Mawza Exile was the most traumatic event experienced by the Yemenite Jewish community which took the lives of 70% of the Jews (THREAD)
In 1676, Imam Al-Mahdi Ahmad came to power in Yemen. Even at the beginning of his reign he decided to impose harsh religious decrees on the Jewish community and ordered the destruction of synagogues. One decree led to another.
The king initially demanded their conversion to Islam and when they refused, he made them stand out in the sun without apparel for three days, which was later followed by harsher decree which is the exile.
Few members of the Jewish community converted and the rest who refused were forced to leave their homes and cities and wander by foot to Mawza near the Red Sea.

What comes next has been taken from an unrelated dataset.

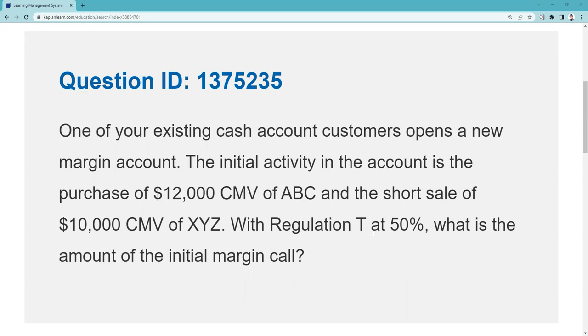This is QID 1375235. One of your existing cash account customers opens a new margin account. The initial activity in the account is the purchase of $12,000 of ABC and a short sale of $10,000 of XYZ. With Reg T at 50% — and you should definitely know that Reg T is part of the Securities Exchange Act of 1934, and the Federal Reserve Board sets what you initially have to be at risk for, currently 50% — what is the initial margin call?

In 1679, the community began to wander in the arid desert of Yemen, which sometimes reached about 50 degrees Celsius.
The Jews suffered form epidemics, starvation and struggled with the sandstorms. All these, led to extremely cases of death.

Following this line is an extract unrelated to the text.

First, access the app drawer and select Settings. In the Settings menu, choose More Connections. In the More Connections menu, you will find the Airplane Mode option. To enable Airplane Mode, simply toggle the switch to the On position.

Tens of thousands of Jews went into exile, only a few thousand Jews managed to arrive Mawza. The property of the Jews was badly damaged, ancient scripts of the community were lost or destroyed.
The Jewish community remained in Mawza for about a year until Yemen's economic situation began to wane. The king's non-Jewish subjects began to complain about their lack of farm implements which had been exclusively made by Jewish craftsmen.

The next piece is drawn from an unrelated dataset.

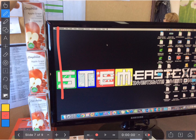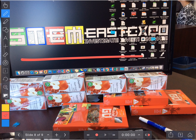Estimate the height of this computer monitor, as well as the width of this computer monitor. Good luck!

Another reason that the Muslims wanted to bring the Jews back to the country is that the year the Jews were expelled, natural disasters occurred in Yemen. Muslims saw these disasters as "God's wrath" for the injustice done to the Jews.
Although the Jews were allowed to return, they weren’t allowed to return to the cities they had lived in and to their homes. They had to establish their own community in the villages.
They hurried to rebuild the synagogues, beth din and beth midrash.
This expulsion also led to a splitting within the community. Prior to the exile, the entire Jewish community in Yemen prayed and observed traditions according to a denomination called "Baladi" -local.
This denomination adheres to an ancient Jewish tradition from the First Temple.
After the exile, a new denomination was formed called "Sham" (Al Sham) an endonym of the Levant region. The Yemenite Jews were influenced by Sephardic Jewish traditions of Syria and Egypt.
In this expulsion, the community tells that several miracles happened. One miracle happened in the arid desert, when they were thirsty, and exhausted from heat one of the rabbis died. And at the place of his death, water sprang from the desert and the dry sand became a spring.
Another miracle occurred on their return from Mawza, they heard a crying baby from a cave nearby. When they entered there, they saw a dead mother while the baby is alive and trying to suckle.
The Jews adopted the baby, fed him, raised him as a Jew and in his adult life he became a rabbi and dayan.

The Yemenite Jewish community wrote piyutim in memory of those who perished in the exile.